The Biotechnology Industry Organization (BIO) thanks the Food and Drug Administration (FDA) for the opportunity to submit comments on the “Draft Guidance for Industry on Pre-Launch Activities Importation Requests.”
BIO represents more than 1,100 biotechnology companies, academic institutions, state biotechnology centers and related organizations across the United States and in more than 30 other nations. BIO members are involved in the research and development of innovative healthcare, agricultural, industrial and environmental biotechnology products, thereby expanding the boundaries of science to benefit humanity by providing better healthcare, enhanced agriculture, and a cleaner and safer environment.
Historically, FDA relied upon a simple and informal system to allow a Sponsor to import drug products pending marketing approval in order to ensure patient availability of product immediately upon approval. A Sponsor requested the import approval and referenced the pending application, FDA granted approval to import, and the Sponsor was free to distribute product when the pending application was approved. BIO appreciates the Agency’s efforts to create a more formal and predictable pre-launch activities importation request (PLAIR) process, but is concerned that the program, as outlined in the draft guidance may have the unintended consequence of delaying the availability of product to patients following a Sponsor’s receipt of an approved drug application. BIO questions and asks FDA to clarify the problem that FDA seeks to solve by instituting a more formal PLAIR process. To the best of our knowledge, the prior system did not result in premature distribution of product, and product always remained subject to the rules and regulations of the Federal Food, Drug, and Cosmetic Act (FFDCA), including the prohibition against the introduction or delivery for introduction into interstate commerce of any misbranded drug under section 502 or any article not subject to new drug approval under section 505.
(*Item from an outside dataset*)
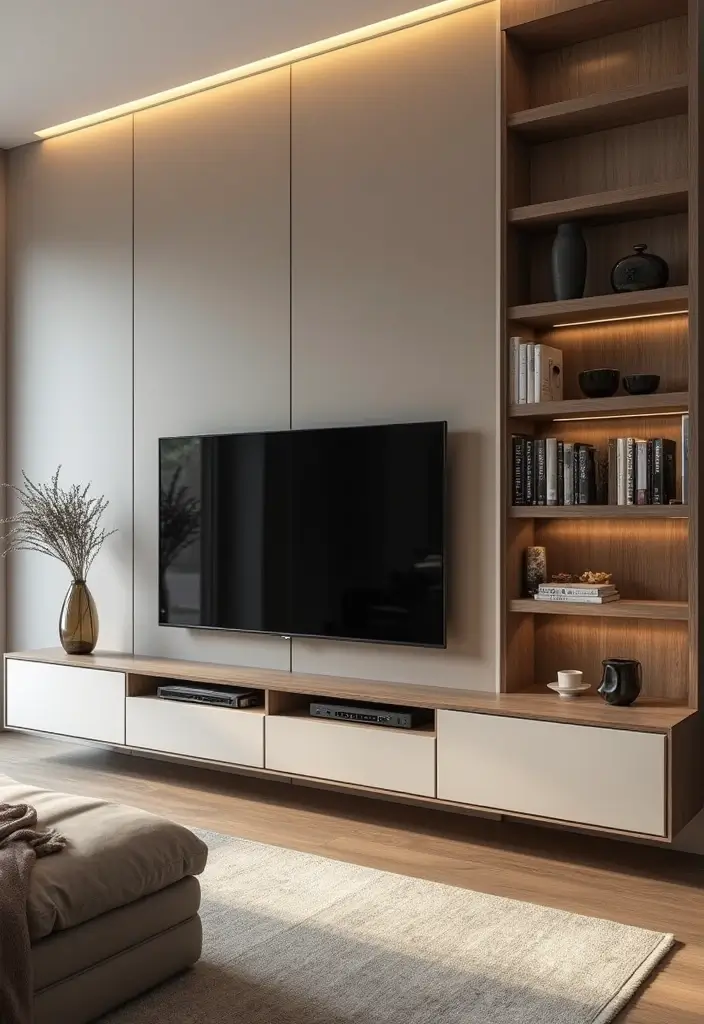 27 Modern Living Room Ideas That Are Sleek and Timeless - 18. Sleek Entertainment Units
Under the proposed PLAIR process, by submitting a PLAIR, a Sponsor is by default accepting that FDA has refused entry of the product, that the product must be “reconditioned” per the terms of the PLAIR, and that the Sponsor has opted not to request a hearing on refusal of admission. These elements of the proposed PLAIR program create a high bar, and the appearance that FDA is trying to discourage pre-launch importation activities. BIO is concerned that program participation requires Sponsors to forego legally enforceable due process rights related to the detention process. In addition, the program has the potential to delay patient access by requiring a Sponsor to follow-up with FDA to verify that the terms of the PLAIR have been met and that the product conforms to the application prior to release and despite being subject to the FFDCA including 502 and 505, BIO requests FDA clarify the type of terms FDA may demand under the proposed program how it will determine that the product imported under a PLAIR “conforms to the application.”
In addition, we note that the draft guidance recommends that Sponsors submit a PLAIR not more than 60 days before the user fee goal date. This seems to be a short time period for FDA to act upon the request and respond. If indeed 60 days is not enough time for FDA to grant a PLAIR, a Sponsor would have little time to actually get the product shipped and imported so that it can be on hand and ready for launch; this effectively defeats the purpose of the PLAIR.